Highland Center Welcomes New Employee
There’s a new face at The Highland Center in Monterey.
“My name is Ian Grinere. I am from Long Island, New York., and I just moved down here with my family about two months ago.”
I asked Ian what brought him and his family to Highland County.
“I have been traveling around the country for about four or five years, which has been phenomenal – living in different cities, meeting different people having different experiences. And through all of that, I think I had seen them only two weeks in the past two years – and it just wasn’t enough. That, and I was really tired – (you) kind of get strung out doing a lot of that. So, I wanted to make a concerted effort to live close to them again. So when I moved back to New York, they actually informed me that they were moving down to Virginia. So, I thought I had one more in me. So we came down and checked the spot out. And then when we made our way out here to Highland County, it was serene, it was beautiful – the air quality, it was fantastic – a slower pace, a kind group of people that you’re able to talk to and converse with – and we kind of fell in love with it.”

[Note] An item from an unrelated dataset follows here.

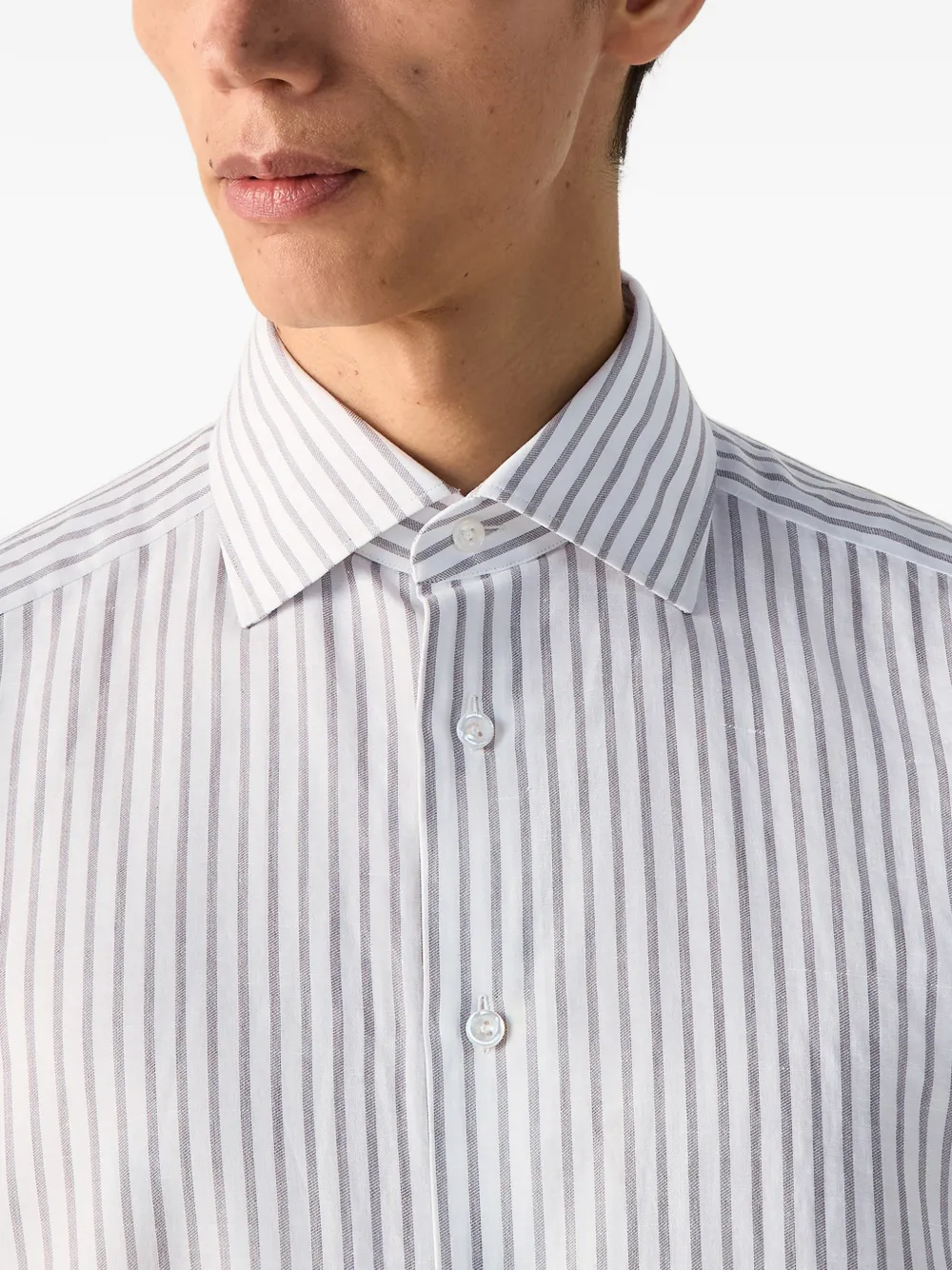 Рубашка в полоску Zegna, белый
Рубашка в полоску Zegna, белый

He continued, “Not only that, but having the… luxury of having some of my experiences that I’ve gained in that time rub off on my family, so much so that they wanted to come down to a farm, because I had been doing a lot of organic farming around the country. So it’s kind of synching up perfectly for us to start an organic market garden. And it was when I got here and started selling some of my micro greens, or wares, at the Highland Farmers’ Market, that I got in contact with a few local people that offered me a position at The Highland Center. I am organizing and coordinating events, as well as handling some of the marketing that’s going on there. I am doing intermittent managing of the farmers market, which will hopefully eventually lead to me just managing it myself, as well as undertaking the design and, kind of, construction and/or building of the school garden and/or community park that will be happening.”
He spoke more about the future of his organic farm.
“It is in Headwaters, Virginia. Right now we’re in year zero, which is a lot of infrastructure building, and just getting all of our systems in place, as well as understanding the lay of the land for the first year – where the wind blows at certain times during the day, and soil quality here, doing some testing there, as well as networking. I found that, through travels and living in other small communities across the country, the more people you know, the more outlets you have to, not of course just make money, but to supply a community with quality, nutritious food, as well as supplying yourself with that need for camaraderie and community, and that is what we’re really trying to foster with that.”
“Right now, we are only producing micro greens, which I am selling at the Highland Farmers Market every Friday, which is something that I had learned along the way, and then had been selling to restaurants previously, and thought it would be a nice, easy way to transition into a small market where, again, I could network and meet people, not so much to make money, but to become ingrained in the community, if you will. But long term, we’d like to supply the area, the community, local restaurants, markets with quality, organic nutritious produce, ranging anywhere from, you know, your typical seasonal vegetables to more specific tailor made crops for one account or another. “
He concluded, “I would like to say thank you already to everyone that I’ve met that has been kind to me and my family that I have befriended already. And I greatly look forward to meeting a bunch of new people in the community that are willing just to be friends. And that’s really all we’re asking for.”